MOSCOW: Farmers in Russia’s Saratov region have appealed to President Vladimir Putin for help in dealing with an invasion of saiga antelopes that have migrated from Kazakhstan and devastated their fields.
The appeal, posted on several popular farmers’ channels on Telegram, said that the saiga population has grown uncontrollably in recent years, reaching up to one million in Russia alone.
Saratov, located along the Volga River, is the country’s sixth-largest grain-producing region, with an annual harvest of about 4 million metric tons, accounting for 3.5 percent of Russia’s total grain harvest.
Farmers reported that about 500,000 saigas crossed into Russia from Kazakhstan at the end of May. They said that thousands had drowned in local rivers, contaminating the water supply.

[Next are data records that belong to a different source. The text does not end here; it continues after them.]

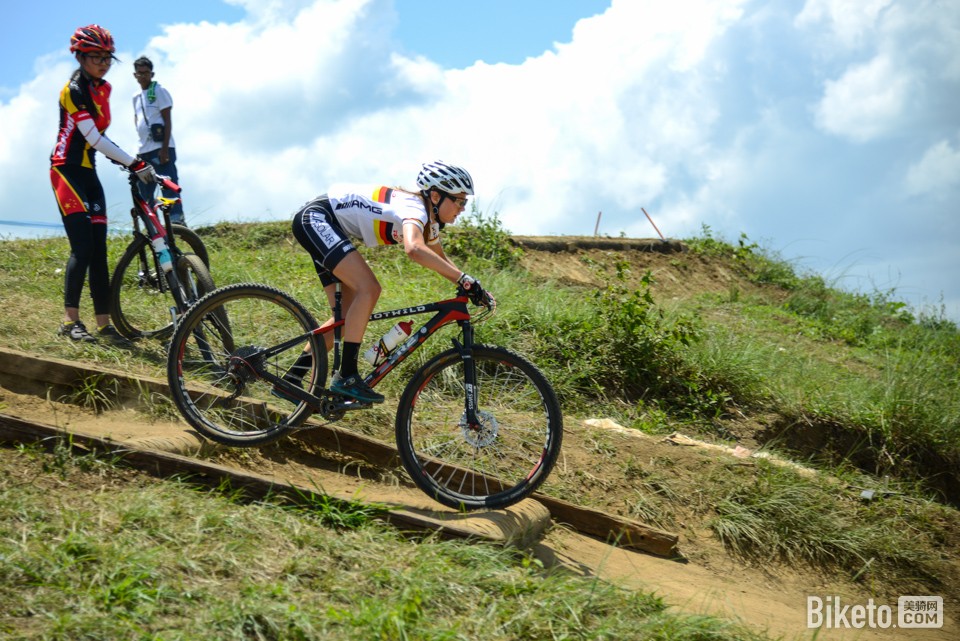 �����ѧ��������,ѵ����,��Ļʽ,������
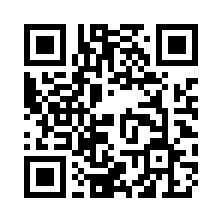 QR Code for 3Cef3DJaGsrccAhq7adsRLojVMQqJdLvws
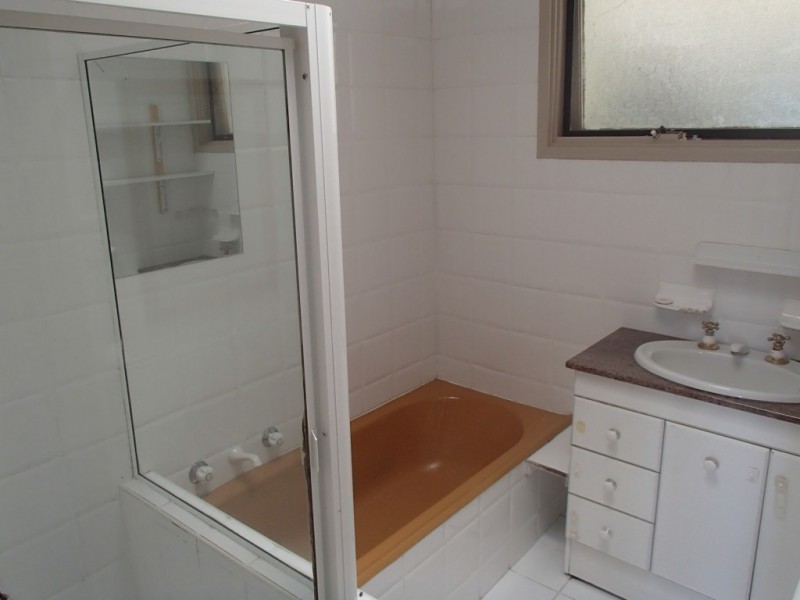 35 Elizabeth Cook Drive, Rankin Park NSW 2287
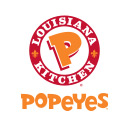 Popeyes®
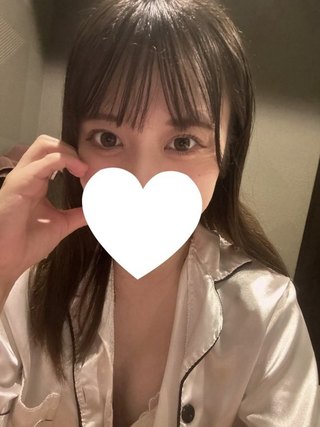 ひめかの写真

“We hope for your understanding and assistance in resolving this situation, which threatens the very existence of agriculture in our region,” the farmers said in their appeal. Culling or hunting saigas, which were nearly extinct in the 1990s, is prohibited in Russia.
A separate letter to Putin, signed by heads of the region’s leading farms and obtained by Reuters, said that crop losses from saigas are not covered by insurance because the animal is not yet listed as an agricultural pest.

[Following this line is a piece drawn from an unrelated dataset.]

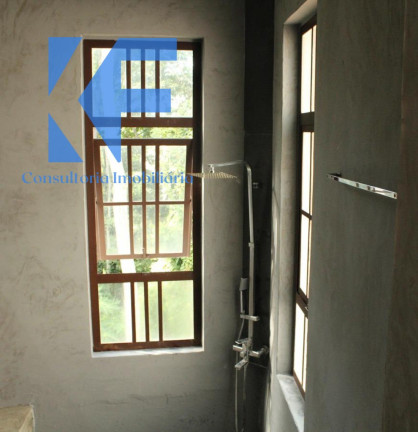 Imagem Casa com 3 Quartos à Venda, 280 m² em Terras De Santa Teresa - Itupeva Imagem Casa com 3 Quartos à Venda, 280 m² em Terras De Santa Teresa - Itupeva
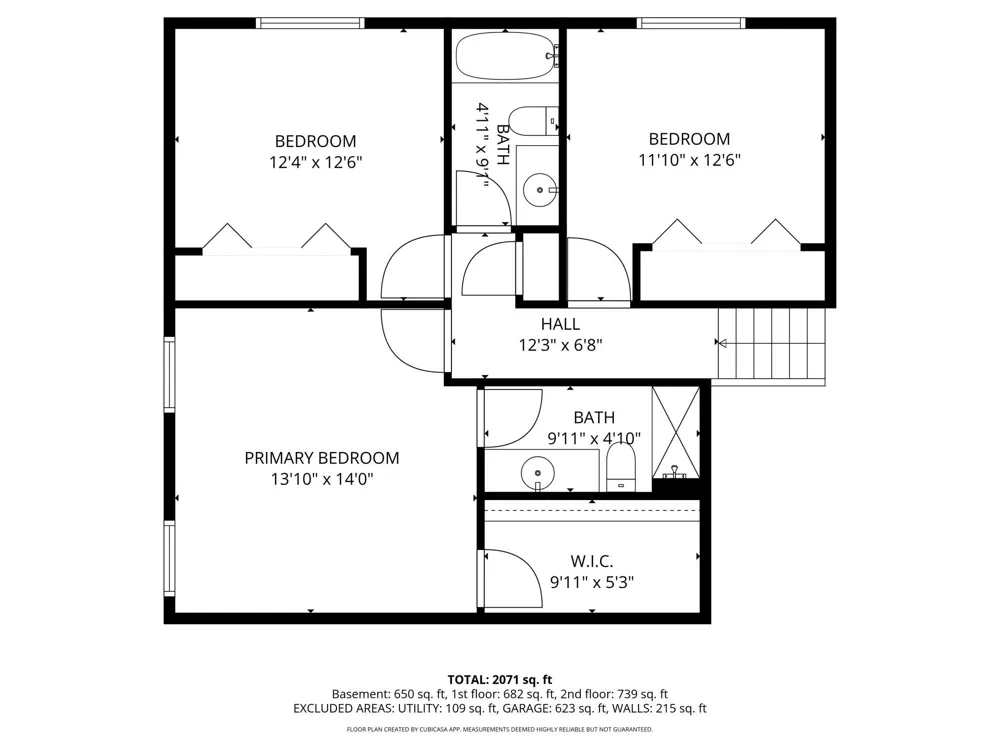 909 Emily Court NE Montgomery, MN 56069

The Saratov regional Ministry of Agriculture said on Tuesday that it has set up damage assessment commissions and is developing a mechanism to support farmers.
The surge in the population of saigas, easily recognized by their trunk-like nose that filters sand particles from the desert air, is considered a global conservation success story.
Evgeny Karabanov from Kazakhstan’s Grain Union lobby group told Reuters that an estimated 4.0-4.5 million antelopes are currently roaming in the Central Asian country, compared to only 25,000 in the 1990s.
“Their migration area has significantly expanded... No one is asking them for passports,” Karabanov said.